12. The system according to claim 10 or 11, wherein the processing device assigns a repair identifier to the repaired data in the first sub-data range, and identifies the first sub-data range as a repair complete state after all the data in the first sub-data range are assigned with the repair identifiers.

13. The system according to claim 12, wherein in the data repair process, the processing device further determines a second sub data range based on the first piece of data that fails to be repaired to the first piece of data that succeeds in being repaired, generates a second data repair task corresponding to the second sub data range, gives priority to the second data repair task, and submits the second data repair task to the task queue.

14. The system of any one of claims 10-11, 13, the processing device, after recovery of the downtime of the node in which the processing device is located, to regenerate the first data repair task for the first sub data range whose repair status is incomplete and to submit the regenerated first data repair task to the task queue.

15. The system according to any one of claims 10 to 11 and 13, wherein when the processing device starts data repair of the first sub-data range, the processing device determines whether the current first sub-data range belongs to a main data range of a current node, and when the current first sub-data range belongs to the main data range of the current node, performs data repair of the current first sub-data range.

16. The system of any of claims 10-11, 13, wherein the processing device initiates a next round of data repair after all of the first sub-data ranges on the storage device are in a repair complete state.

17. The system according to any one of claims 10 to 11 and 13, wherein the processing device determines a repair period according to the data amount in the main data range and a preset expiration time of deleted data after each round of data repair process is started, and determines a data repair speed according to the repair period; and the processing equipment completes one round of repair on all data in the main data range within the preset expiration time according to the data repair speed.

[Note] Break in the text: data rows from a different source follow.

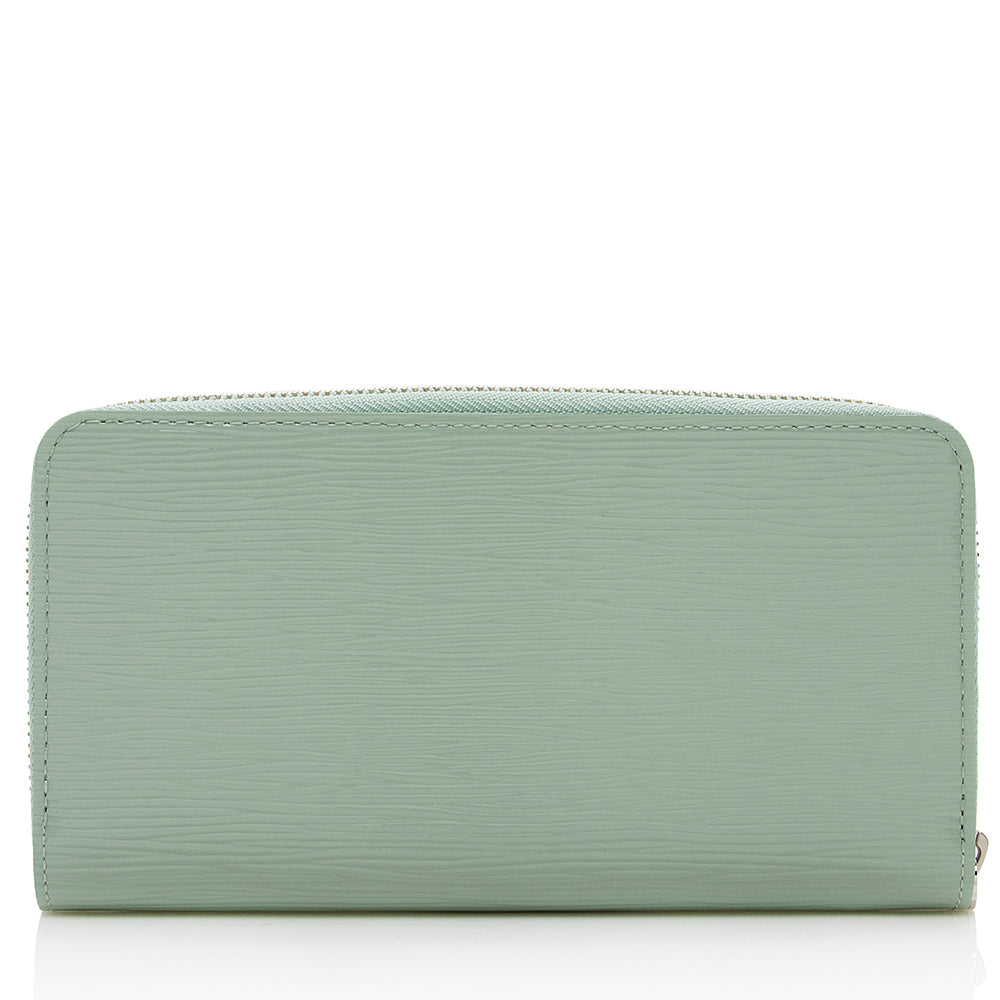 LO-LV bags 9512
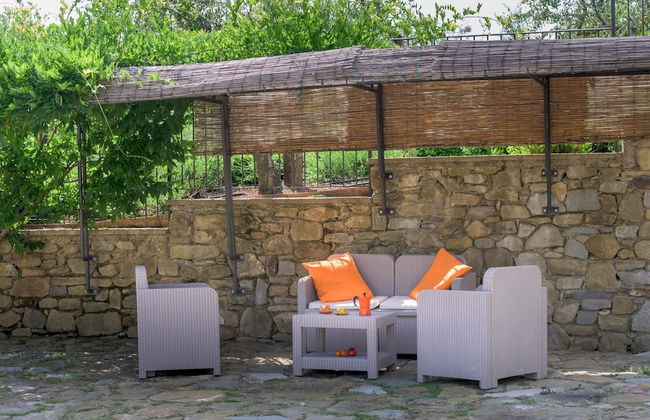 Vinciluna 4 in Scanizza - Foto 24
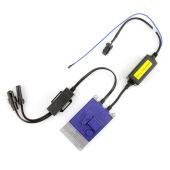 Блок розжига MTF Light 3G Slim CAN-BUS 12V 35W
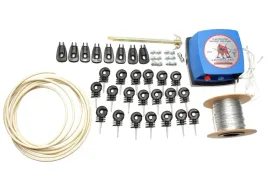 elektryczny-pastuch-na-dziki-zestaw-zasilanie-230v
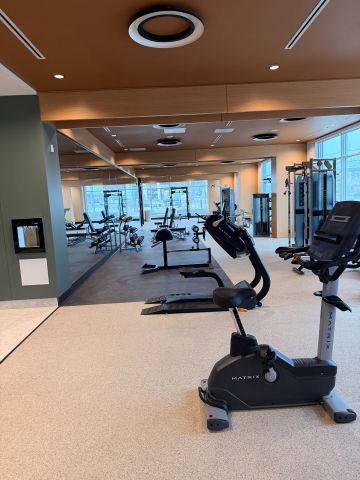 For Lease - 90 ALL NATIONS Drive Unit# TH7-151, Brampton, Ontario - Photo 5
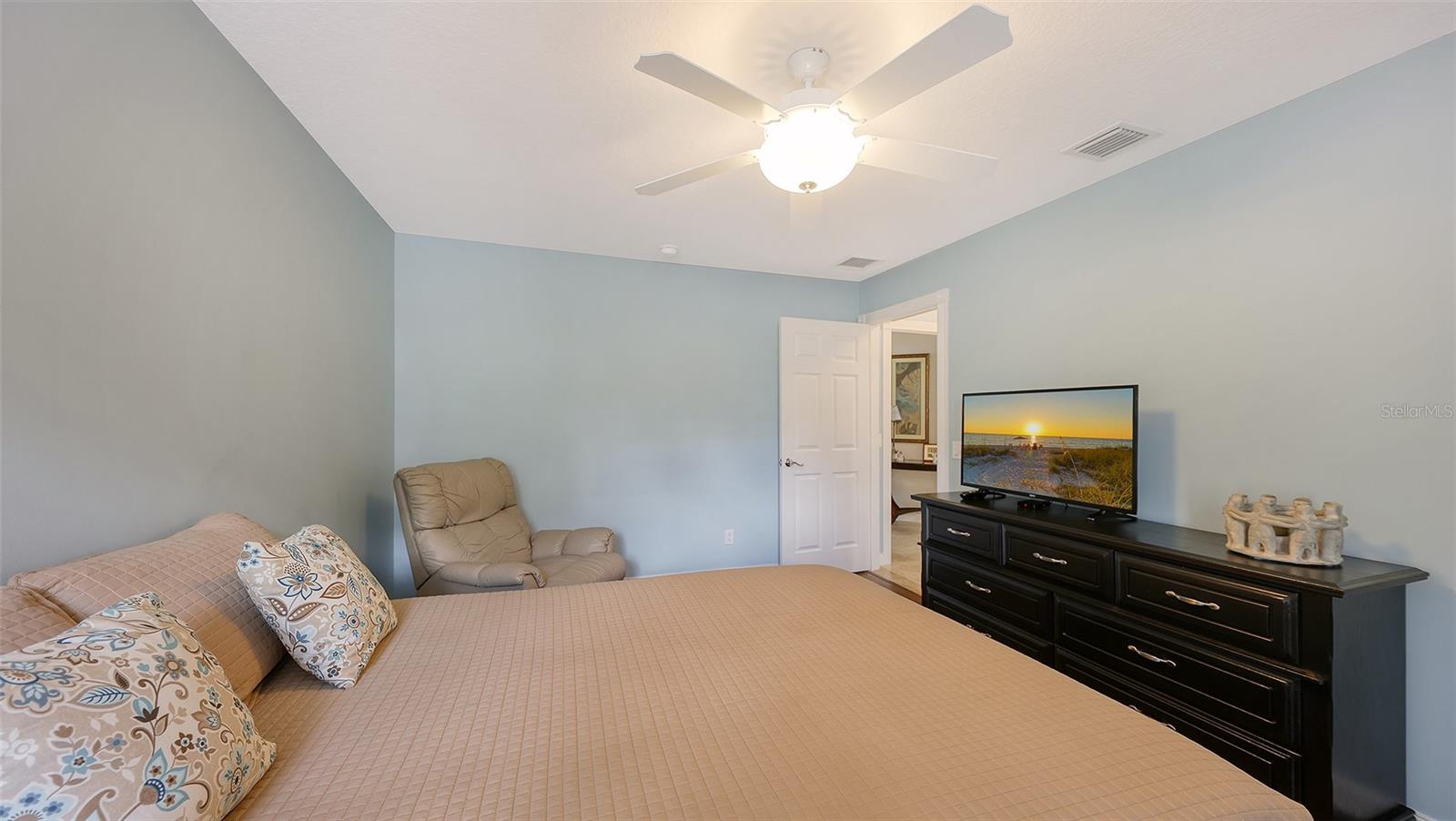 ISLES OF SARASOTA - Residential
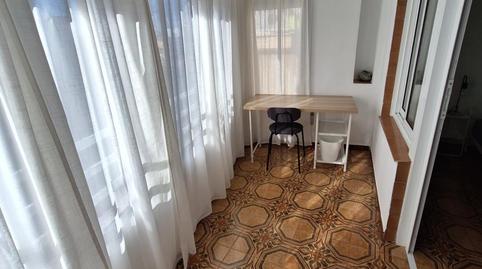 Foto 4 de Apartament de lloguer a Alberic, Valencia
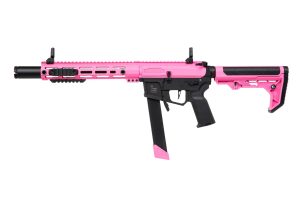 SA AR9 Light Ops Gen2 (SA-FX02 FLEX™ HAL ETU™) – Pink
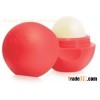 Eos lip Balm 7g
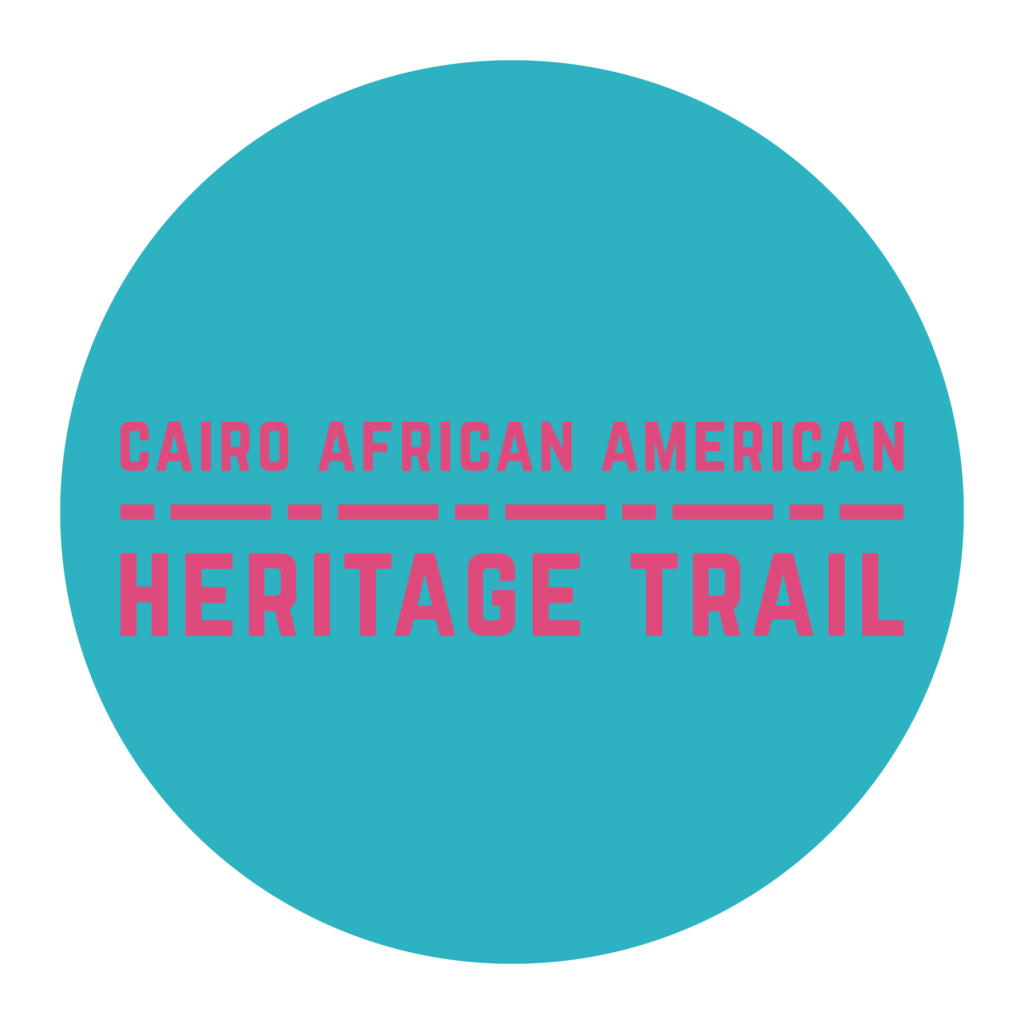 Thumbnail Caaht Logo Raster Transparent Background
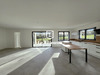 Ma-Cabane - Vente Maison Cholet, 112 m²
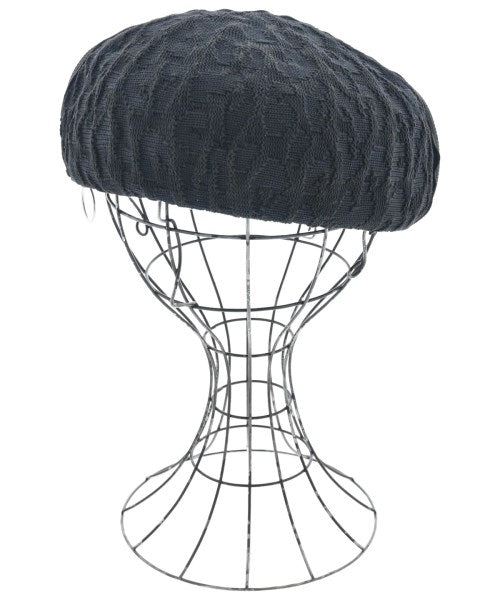 CA4LA หมวกล่าสัตว์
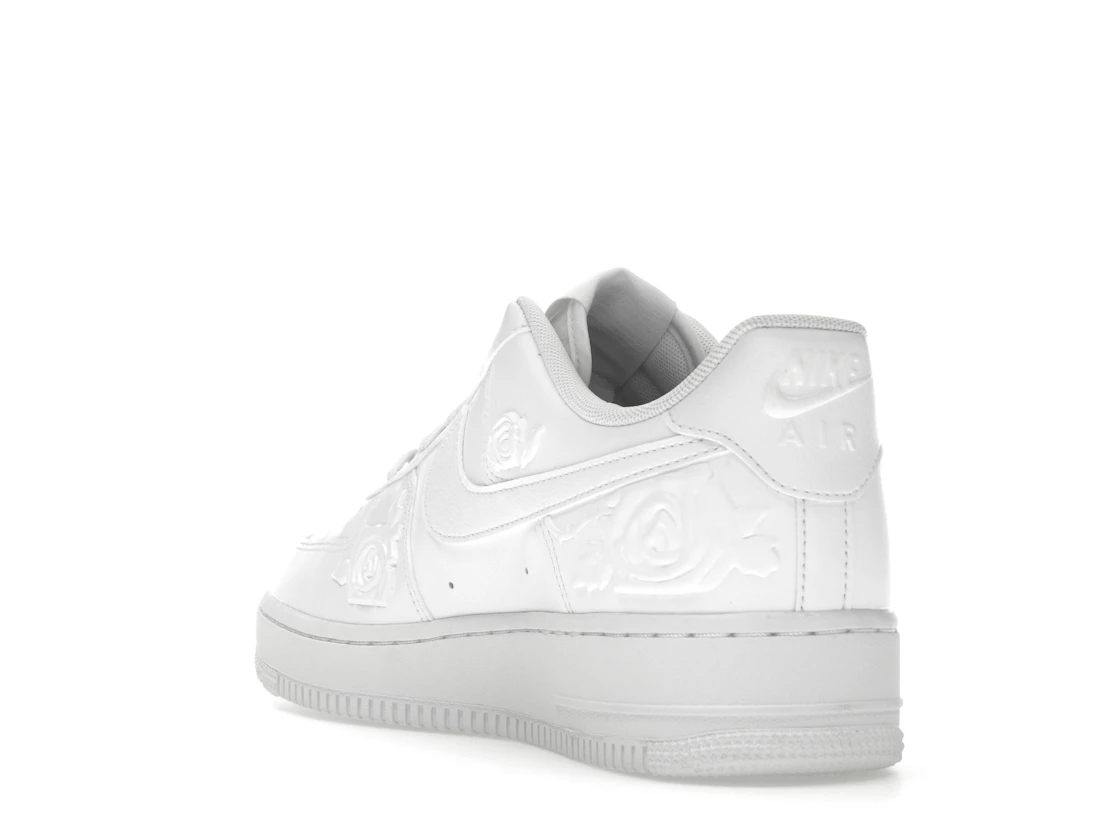 Nike Air Force 1 Low '07 White Roses (Women's)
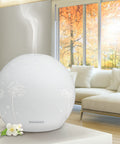 immagine-7-soehnle-diffusore-di-aroma-100ml-ean-4006501680648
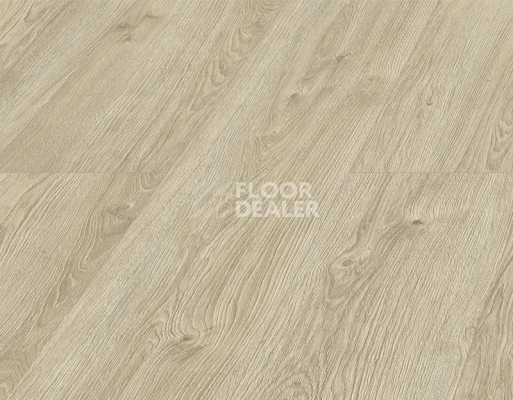 Ламинат Kronopol Platinium Holiday AQUA BLOCK 8mm Kronopol Platinium Holiday Aqua Block 24h Дуб Итака D40024 фото 2 | FLOORDEALER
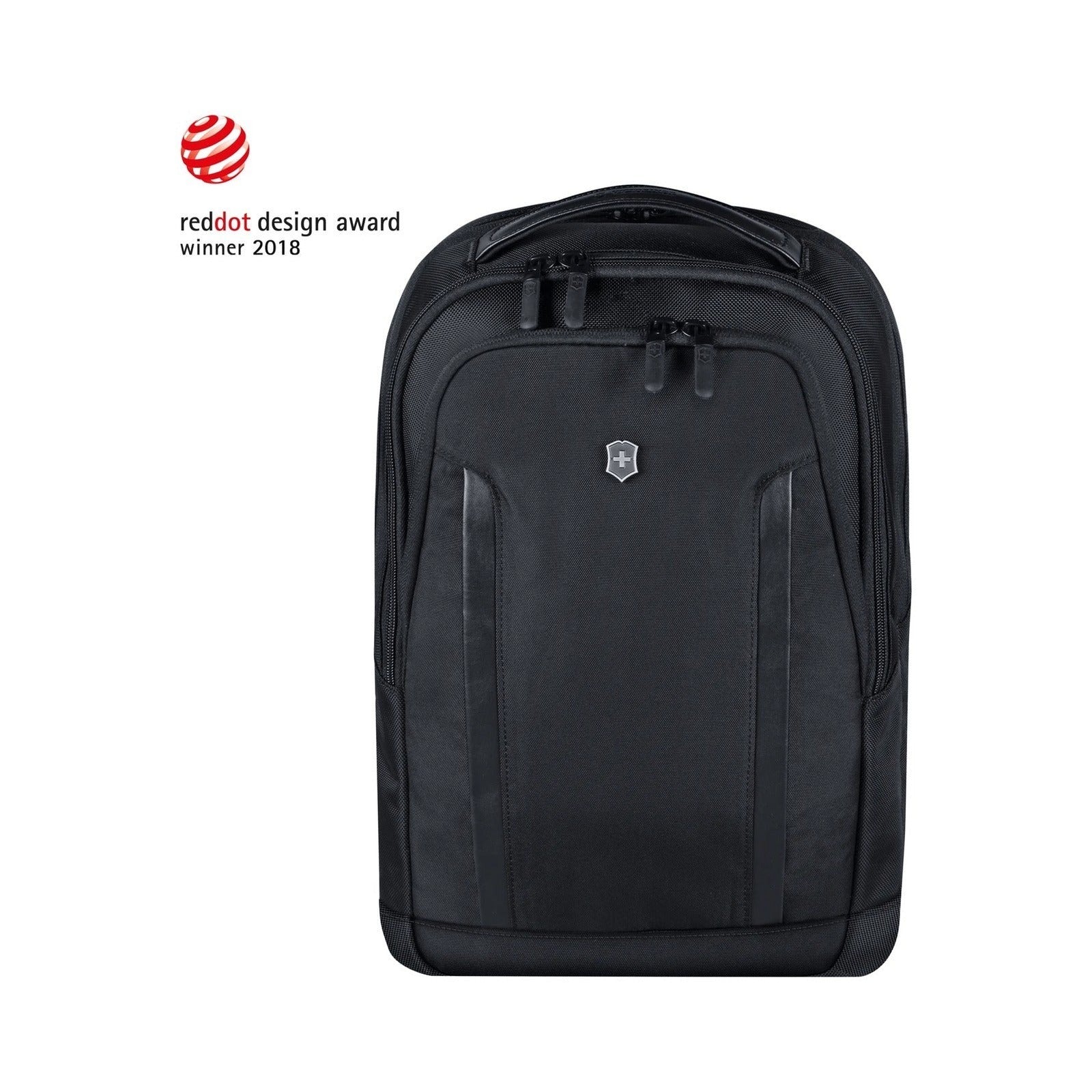 Altmont Professional Compact Laptop Backpack | 602151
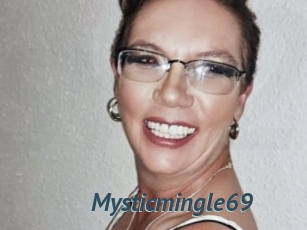 Mysticmingle69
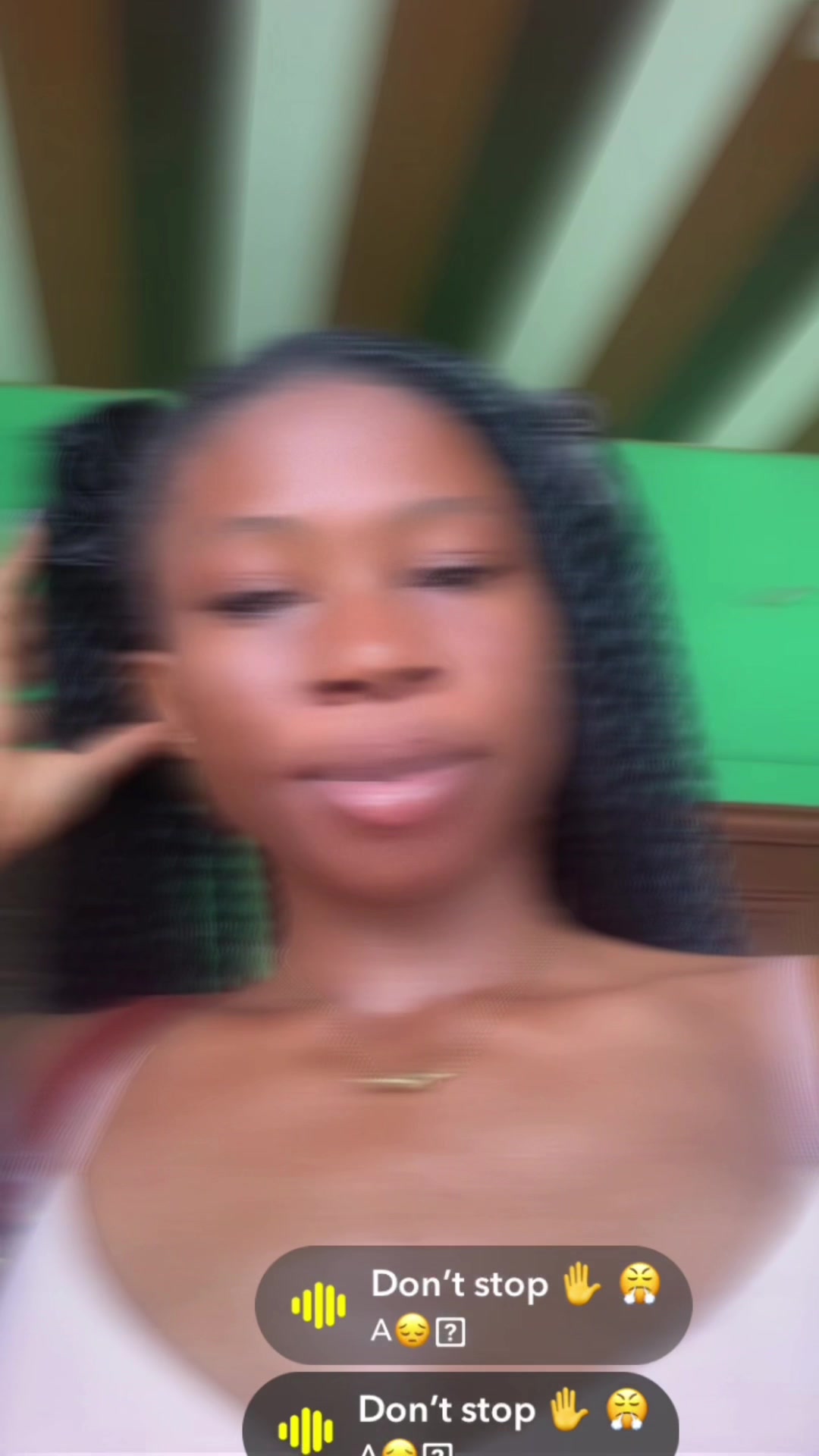 @tinnyone_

18. The system according to any one of claims 10 to 11 and 13, wherein the processing device obtains the sub data in the first sub data range from the storage device, and obtains the duplicate sub data corresponding to the sub data in the first sub data range from a node where the duplicate data is located;

19. A data processing apparatus, comprising:

20. An electronic device, comprising a memory and a processor; wherein the content of the first and second substances,

the memory is to store one or more computer instructions, wherein the one or more computer instructions are to be executed by the processor to implement the method of any of claims 1-9.

21. A computer readable storage medium having computer instructions stored thereon, wherein the computer instructions, when executed by a processor, implement the method of any of claims 1-9.